A Daughter's Tale: Mary, Lady Soames

Mary's wartime service was spent in an anti-aircraft unit defending London
and environs from the Nazi bombers.  Here she is shown accompanying
her father as his aide-de-camp at the Potsdam Conference in 1945.

I've spent the morning reading all that I can see on Amazon preview of A Daughter's Tale by Winston Churchill's youngest child, Mary, who is still going strong at age 90 and published this, her seventh book, last year. It's very good reading, and Lady Soames is what my mother and grandmothers would have described as a lovely person, who has led quite a remarkable life.

Here's a clip from an interview by Andrew Marr last year:




If you're into modern British history, I can also recommend an hour-long interview done by Brian Lamb on C-SPAN in 1999, in which she discusses her then-new book Winston and Clementine: The Personal Letters of the Churchills.


A related thought: I've also been re-reading a book that's been in my possession for many years now, The Gathering Storm, the first volume of Churchill's memoirs of the Second World War, in which he chronicles the long, inexorable drift towards war - which happened precisely because the Western democracies were so terrified of repeating the horrors of the 1914-18 war, on an even larger scale, that they refused to stand up to the dictators, or maintain their military strength, until it was all too late.

Of course, the dangers of appeasement are all too clearly seen now, in hindsight. And the lesson was misapplied later by those who should have known better, such as in the Suez Crisis, and to some extent in Korea and Vietnam. On the other hand, it seems to me that by maintaining a more than adequate nuclear defense, the West certainly did forestall any aggrandizing ambitions the Soviet Union may have had, and ultimately hastened its downfall.

I thought of all these things the other day when I was reading an article in the Telegraph about the current debate over renewing Britain's Trident nuclear submarine defense - at a cost of many billions of dollars to the British taxpayer, of course. I was struck by one particular comment some reader left on that article, to the effect that, "Well I don't see anybody planning to start another world war, so why should we spend all that money on a system that will never be of any use."

Oh but children, the course of human events takes many strange, unexpected twists. Who foresaw 9/11 or the Crash of 2008, huh? And now the rotten aroma of the 1936 Berlin Olympics wafts across the ocean from the direction of Moscow. There's no exact parallel between Putin and Hitler here, and I'm not implying there is one; but take a look at the map of antigay countries, and you'll find a huge block conveniently extending from Russia through most of Africa and Asia.
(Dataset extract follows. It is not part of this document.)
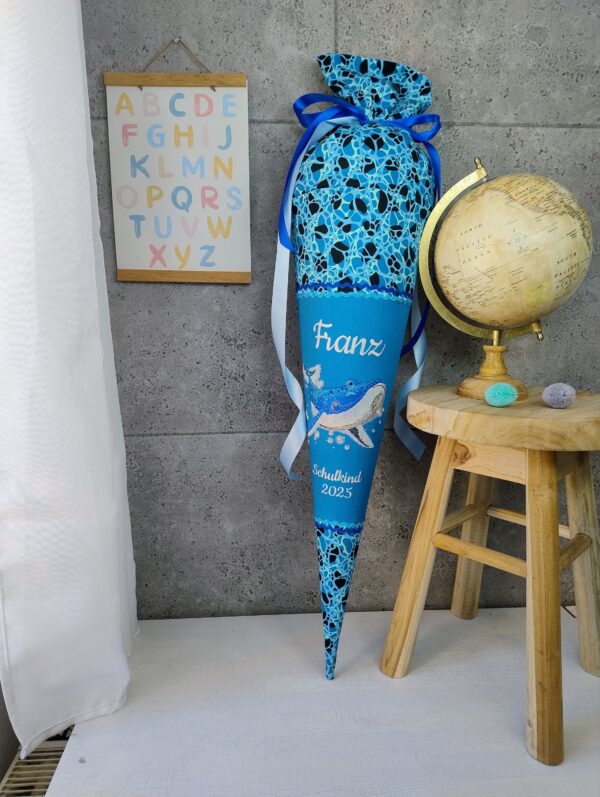 Schultüte zum Abtauchbär mit Blau Wal und Namen Leuchtgarn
Granted, that covers a lot of very different political and religious systems; but history makes strange bedfellows. Nor am I saying anyone would go to war specifically over the the gays - Hitler did not go to war just so he could kill the Jews, there was more to it than that.  And ruthless cruelty is not extinct in this old world. Better to keep one's guard up than to have no power of resistance or deterrence at all, is what I'm saying.

Again, if the subject interests you, read Churchill's magisterial 1955 speech on Britain's decision to develop a hydrogen bomb, and see what parallels you can find with the present time.